Work task>
Lines from the one with "스트라우만 임플란트로 이뽑고" up to and including the one with "IQGAP1 Antibody (aa464-609, clone" are to be copied exactly from the records below, without their pictures.
┌─ Records for this task
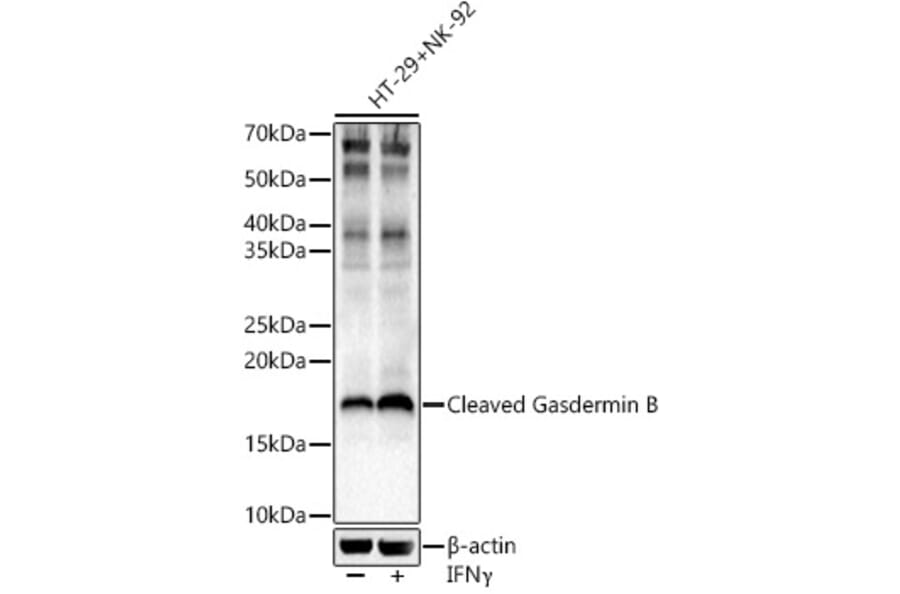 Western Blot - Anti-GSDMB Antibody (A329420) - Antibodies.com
└─
┌─ Records for this task
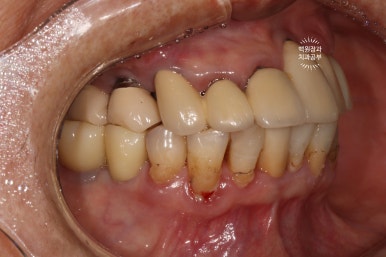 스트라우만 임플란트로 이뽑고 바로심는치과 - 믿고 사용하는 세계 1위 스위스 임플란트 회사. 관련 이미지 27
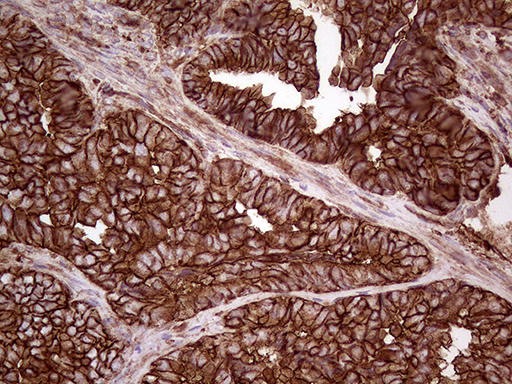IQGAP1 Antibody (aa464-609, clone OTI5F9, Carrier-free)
└─
Task response>
 스트라우만 임플란트로 이뽑고 바로심는치과 - 믿고 사용하는 세계 1위 스위스 임플란트 회사. 관련 이미지 27
IQGAP1 Antibody (aa464-609, clone OTI5F9, Carrier-free)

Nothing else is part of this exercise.